» **ENTRIES SHOWN**
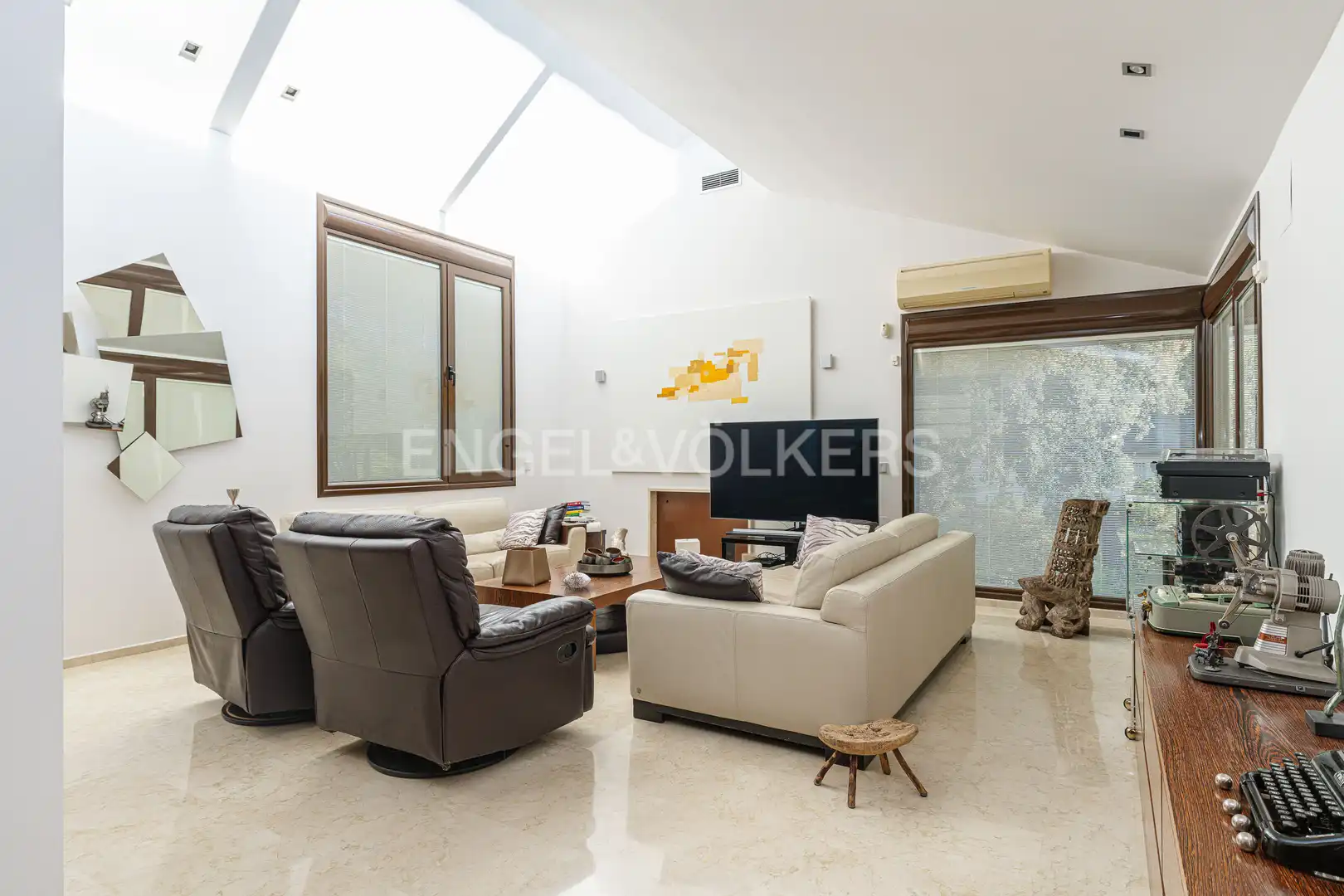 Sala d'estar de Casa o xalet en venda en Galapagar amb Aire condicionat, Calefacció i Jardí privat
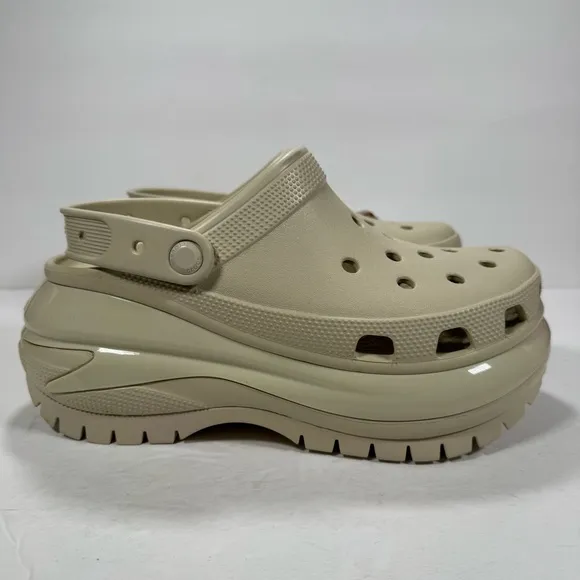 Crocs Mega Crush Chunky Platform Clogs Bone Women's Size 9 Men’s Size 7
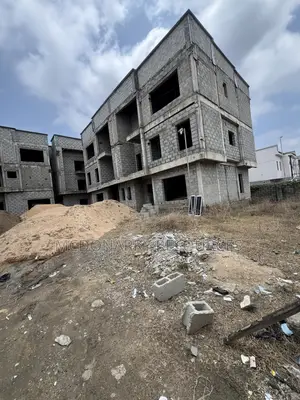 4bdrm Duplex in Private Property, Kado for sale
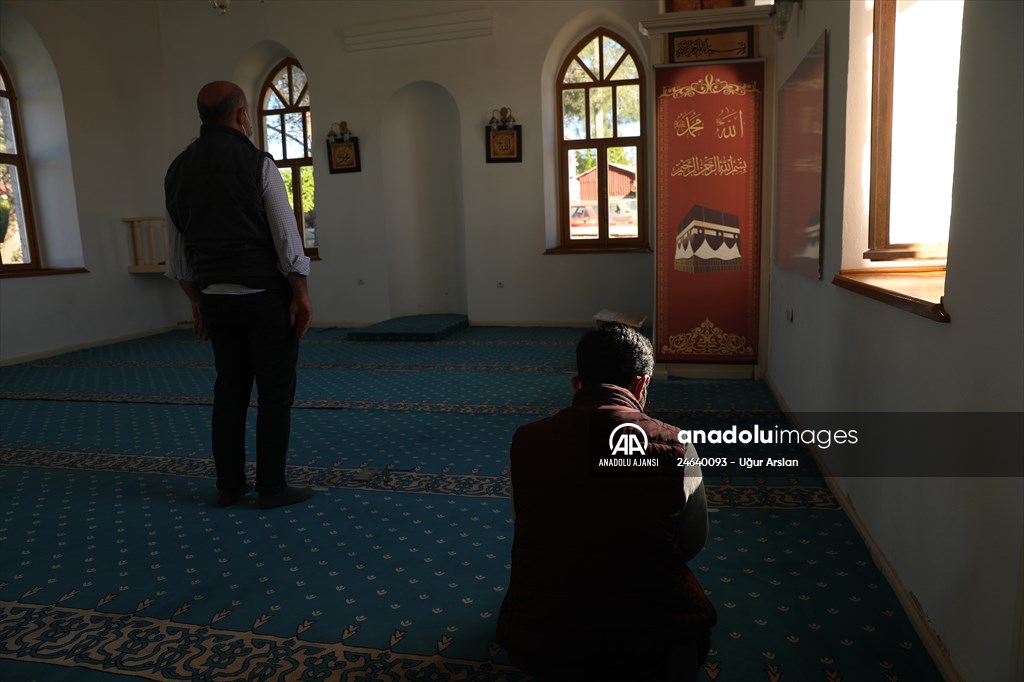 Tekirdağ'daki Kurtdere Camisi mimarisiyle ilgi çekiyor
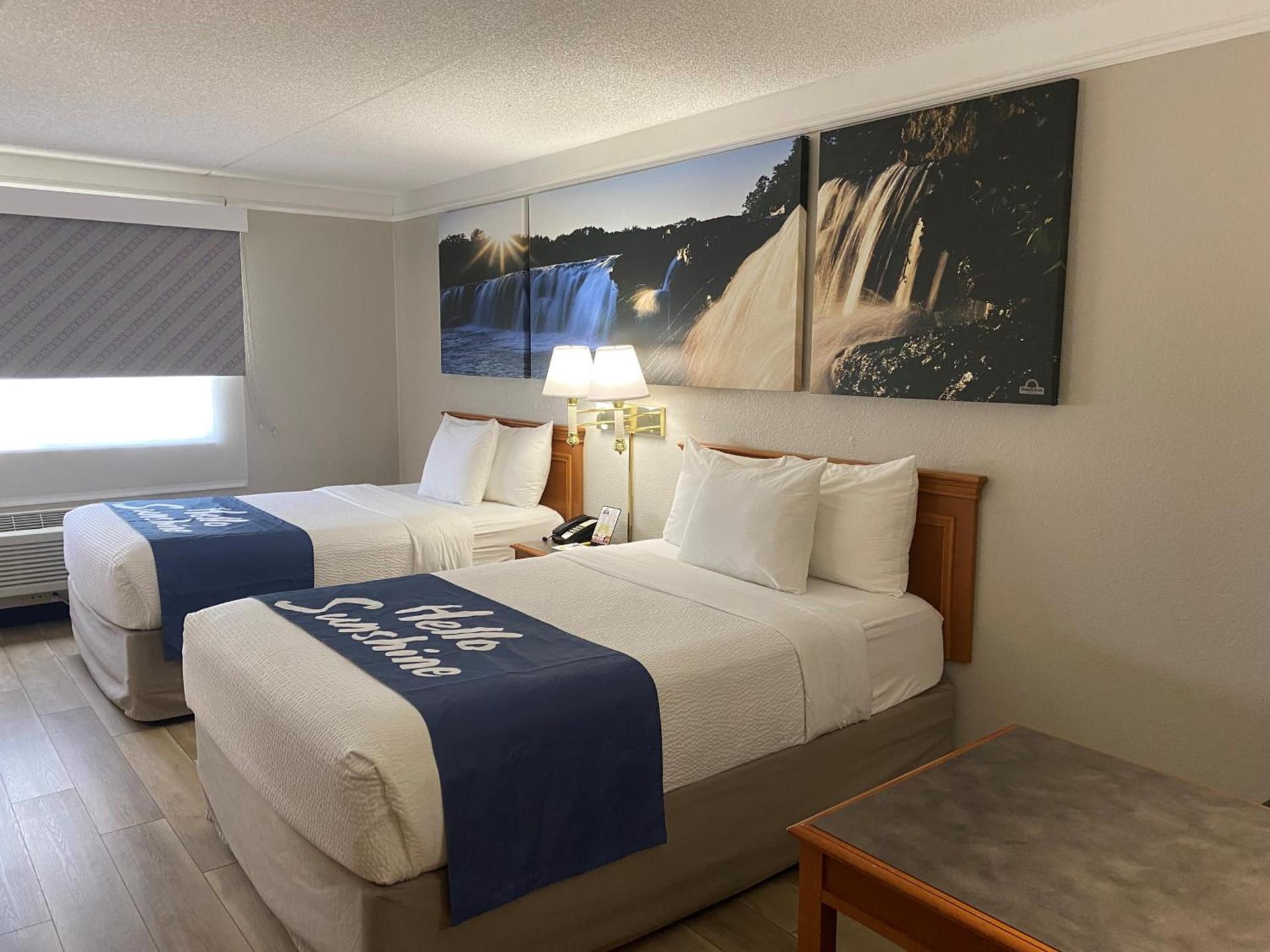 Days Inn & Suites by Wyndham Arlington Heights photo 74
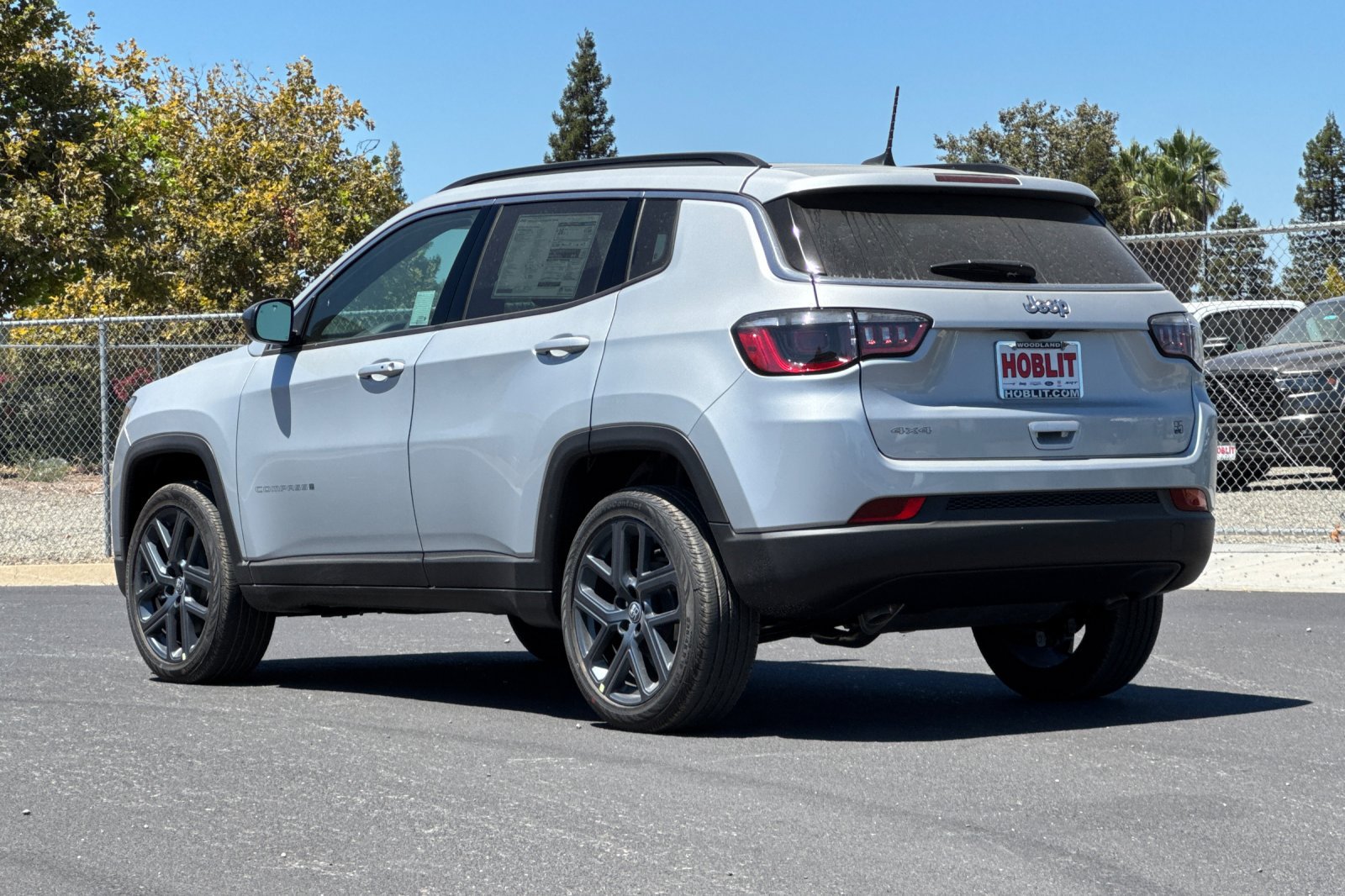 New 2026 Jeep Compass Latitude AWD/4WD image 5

» **YOUR INSTRUCTIONS**
Transcribe the material exactly, keeping every word and none of the pictures.

» **EXERCISE ANSWER**
 Sala d'estar de Casa o xalet en venda en Galapagar amb Aire condicionat, Calefacció i Jardí privat
 Crocs Mega Crush Chunky Platform Clogs Bone Women's Size 9 Men’s Size 7
 4bdrm Duplex in Private Property, Kado for sale
 Tekirdağ'daki Kurtdere Camisi mimarisiyle ilgi çekiyor
 Days Inn & Suites by Wyndham Arlington Heights photo 74
 New 2026 Jeep Compass Latitude AWD/4WD image 5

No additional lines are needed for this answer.